Are you looking to expand your reach? Aiming to fill a gap in the market? Are you answering customer demand? Or could it be that you’re trying to instill some hype around your brand or adjust your brand image slightly?
Whatever your goals are, make sure to clearly set them as this will keep you on track and make it easier to plan your strategy.
3. Know your resources
How equipped is your business to successfully implement your plan? This is such an important question because you can’t start a car without an engine.
Have you got enough cash to invest in your strategy? If less than expected, think about adjustments you might be able to make to keep your plan alive.
Do you have any investors contributing to the implementation of your strategy? If not, and funds are still a little tight, you may be able to consider partnering with another business to implement a brand extension.
Whatever you decide on, be sure to understand the resources you have available to you so you don’t plan out of budget.
4. Explore market trends
Have a look at what’s currently got customers buzzing. Trends will ebb and flow, but implementing a strategy that’s relevant to the current market will certainly get you off to a good start.
Make sure you’re reading relevant media outlets and checking through social media outlets to learn what’s rocking the worlds of customers. Following and getting to know any industry influencers will also keep you relevant.
5. Research your competitors
There are likely a few competitors out there that might seem as though they have things all worked out. Do some research and discover what’s working for them.
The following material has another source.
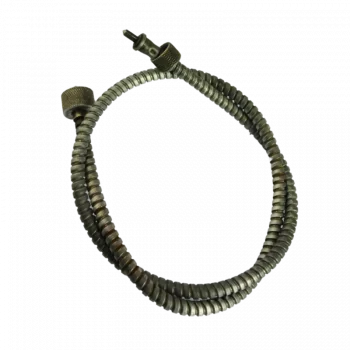 Câble de compteur longueur 720mm - FILETÉ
This will give you an idea of what you need to succeed and you can elaborate on their already successful ideas by adding your own touches.
6. Engage with your current customers
There won’t be a better resource for discovering where you are both succeeding and falling short with your current products than your exisiting customers. The customer always knows best, and this is especially true when it comes to discovering how to go about your brand extension strategy.
Engaging with your current customer base will also provide you with an idea of what the current market needs are, giving you an added sense of direction.
7. Get to know your new target market
Targeting a new market can feel like swinging in the dark. If you don’t get to know your new targeted audience, you won’t know what gets their attention, and ultimately what’ll get those credit cards swiping. Spend some time to research your new intended audience through social media, product reviews, forums, and any links you may have to influencers. This will also help to grown your brand awareness, and put you on the radar of your new market.
You’ll want to find out such things as customer demand, current similar products, and what the strengths and weaknesses of your new competitors are.
A few complemntary products for your new audience to experience can also help you gain valuable insight to customer demand.
8. Finalize your strategy
Once you’ve been through the above list, put everything together and create a written plan for your brand extension.
Make sure you’ve carefully considered potential costs, risks, and whether you have the resources and infrastructure required to successfully launch your brand extension.
Refer back to all your market and competitor research to ensure you’ve got everything in place and ready to go, and you’re on your way to success.
Brand Extension for the Win
So there you have it, an idea of how to launch your brand extension strategy with maximum success. It’s a competitive market out there, but with the right planning and execution, our guide will have you well on your way to success.